To tell you the truth, American politics has had very little to do with my personal spiritual formation. I didn’t grow up listening to many sermons on the matter. If anything, the underlying rhetoric at (some) churches and schools I attended was that if you were a Christian, you were also a Republican.
I’m no longer comfortable with such rhetoric.
The purpose of our conversations is to help us to think reflectively and critically about what it might look like for us to participate (or not) in the political process as followers of Jesus. I really have no idea where we’ll come out. I doubt that our conversation will end up in support of one particular party or another (because both miss the mark), but rather with a new orientation toward how Christians might relate to the system as a whole.
Part of my interest in this subject is fueled by the recent realization that politics is a religion of sorts for many of my non-Christian friends in Dallas.
At a recent World Affairs Council event, I talked with one guy who had worked with a senator in Washington, D.C. for several years and is currently working for a congressman in Arlington.
When I asked him why he got into politics he said, “Because I’m excited about the way politics can change the way things are.”
His answer is strikingly similar to the reason I got into ministry and church starting — I want to help change the world, too.
Here are a few of the books I’ll be reading throughout the course of our conversations in the next several weeks:
- Everything Must Change: Jesus, Global Crises and a Revolution of Hope, Brian McLaren (2007)
- God’s Politics: Why the Right Gets it Wrong and the Left Doesn’t Get It, Jim Wallis (2005)
- Jesus for President: Politics for Ordinary Radicals, Shane Claiborne [2008]
- The Politics of Jesus, John Howard Yoder (2d ed., 1994)
What books have you read that have been helpful to you on this subject?

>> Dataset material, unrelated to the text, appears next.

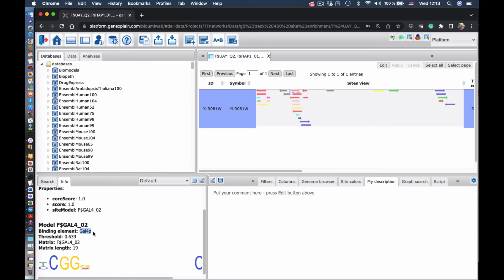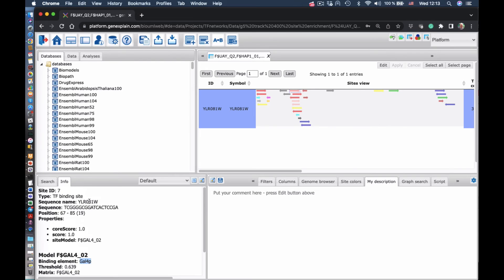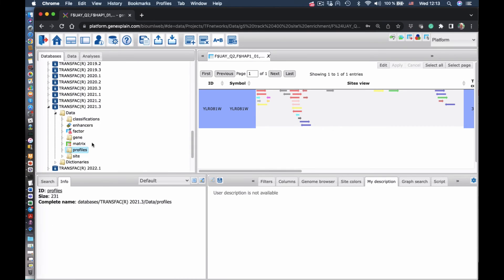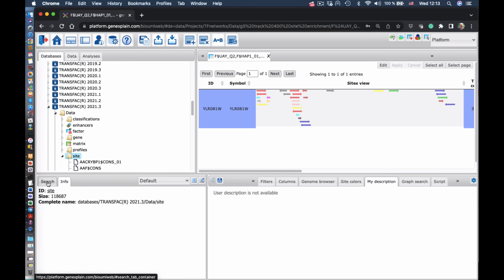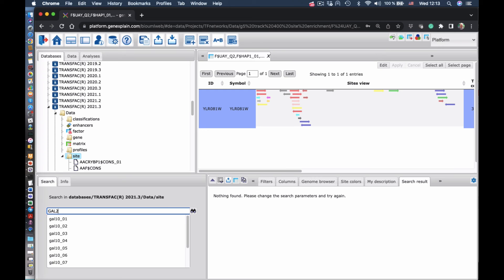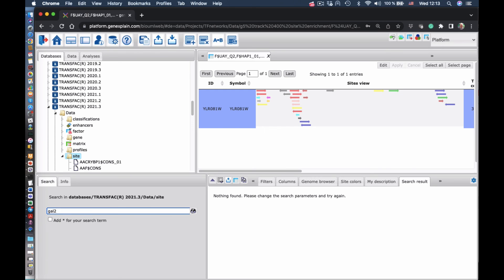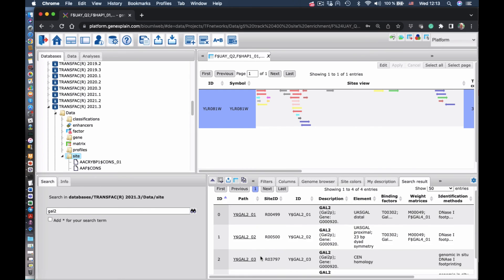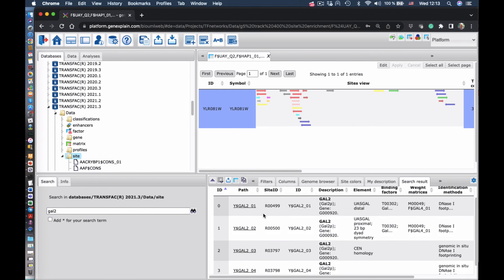For instance, this site in the GAL2 gene can be searched in the transfac database among the experimentally proven sites. Here you can go in transfac and search for GAL2 gene. And we see all the experimentally proven one site in that gene.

How have you learned to integrate faith and politics? Please chime in.
David Lipscomb, Civil Government
The ones you mentioned are all good ones to check out.

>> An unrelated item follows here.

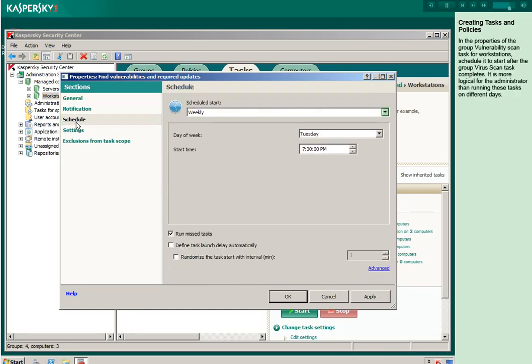In the properties of the group vulnerability scan task for workstations, schedule it to start after the group virus scan task completes. It is more logical for the administrator than running these tasks on different days.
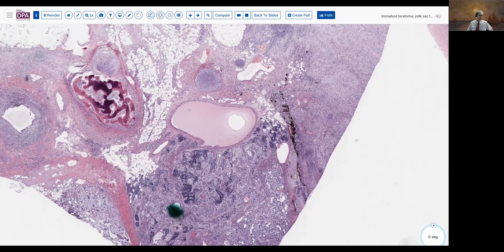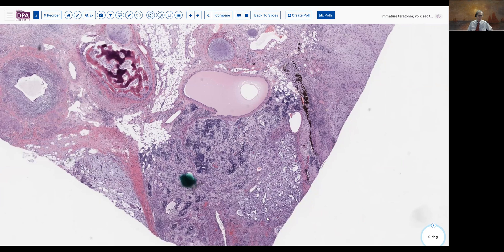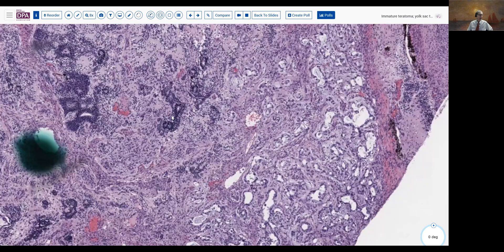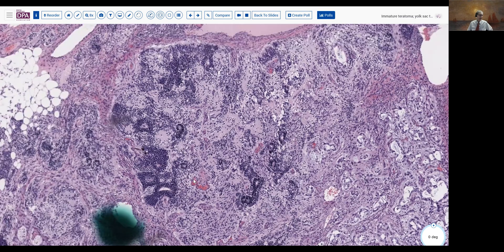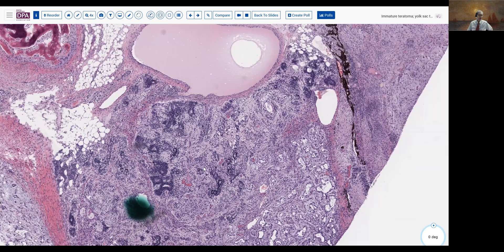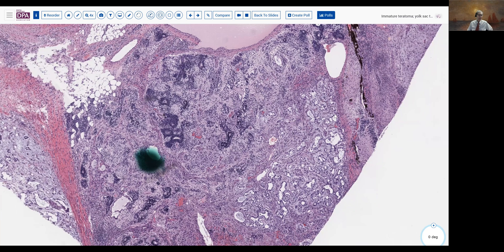Grading the immature teratomatous component — and this is actually very nice because you have that right next to some of the yolk sac features here. As you recall, we grade immature teratomas based on the quantity of immature neuroglial cells on a given slide and rank them based on the number of low-power fields. In this particular case, we had immature glial elements on two slides, and in both of them they were entirely contained within a single low-power field, making this a grade one immature teratoma. This is prognostically significant because it means it's the yolk sac tumor rather than the immature teratoma that's going to drive behavior.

Lee Camp’s “Mere Christianity” is another one that touches on the church-state issue (Camp basically modernizes Yoder’s work in MC).
In terms of books that establish the political nature of Jesus, Brian McLaren’s “The Secret Message of Jesus” is good. JFP does similar work.
Charles, please report back here on how the discussions go. In the meantime, we’re having a quite lively and interesting discussion about Christians & politics over at HarvestBoston.
Jim Wallis is great! I also found a LOT to wrestle with reading through The Left Hand of God by Michael Lerner and Prophetic Fragments by Cornel West.
The Wallis book and Claborne book are two that I’ve read. Both were tough reads in terms of swallowing what they were saying, but I loved every moment of it.
Love YOU man.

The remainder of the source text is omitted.